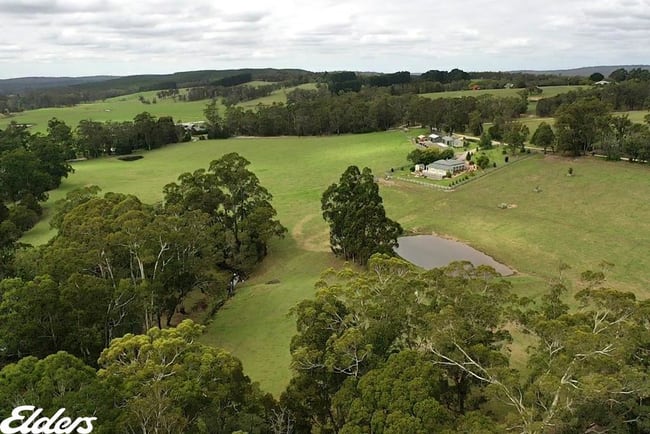 235 Lays Road Willung South VIC 3847 235 Lays Road Willung South VIC 3847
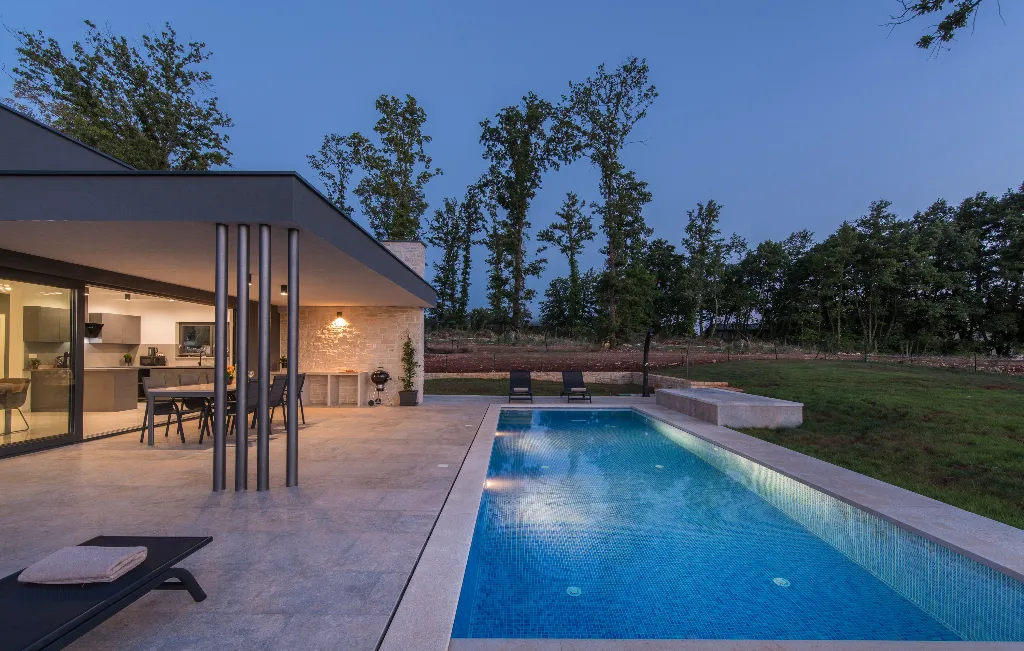 2-Bedroom Villa in Sveti Petar u Šumi (Up to 6)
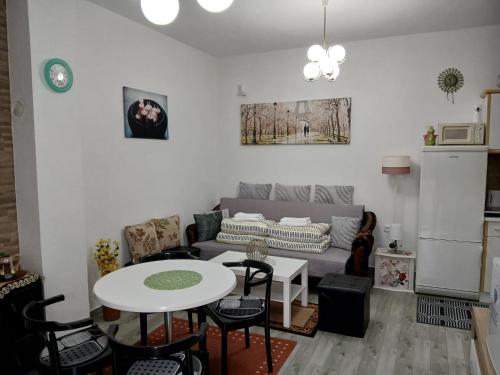 virtuve, Domaćinstvo Pocikini Zasavica (Domacinstvo Pocikini Zasavica) in Zasavica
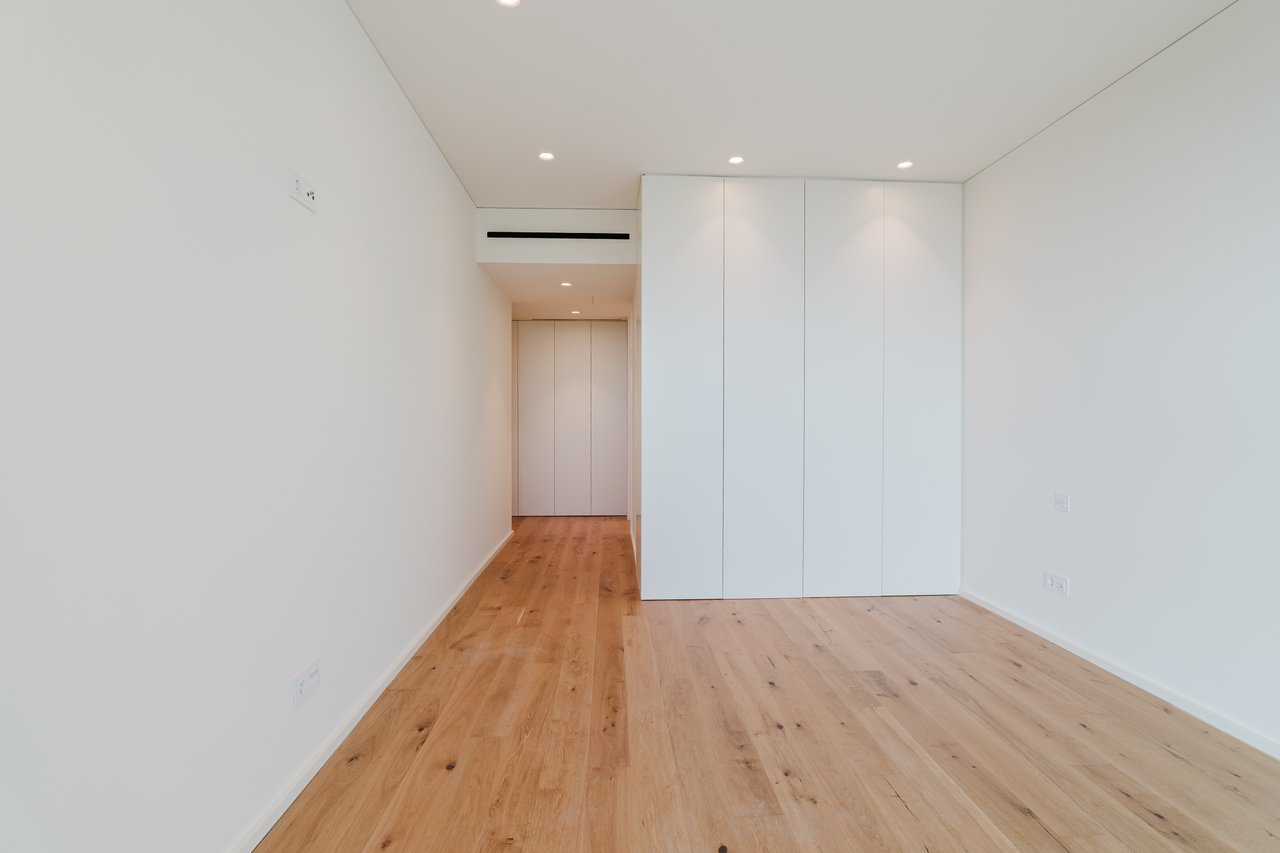 Luxurious 4-Bedroom Sea-View Apartment with Expansive Terrace and Parking in Vila Nova de Gaia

WHAT IS EXPECTED
Leave the pictures out and copy exactly the lines from the one that holds "2-Bedroom Villa in" through the last line of the material.

REPLY TO THE TASK
 2-Bedroom Villa in Sveti Petar u Šumi (Up to 6)
 virtuve, Domaćinstvo Pocikini Zasavica (Domacinstvo Pocikini Zasavica) in Zasavica
 Luxurious 4-Bedroom Sea-View Apartment with Expansive Terrace and Parking in Vila Nova de Gaia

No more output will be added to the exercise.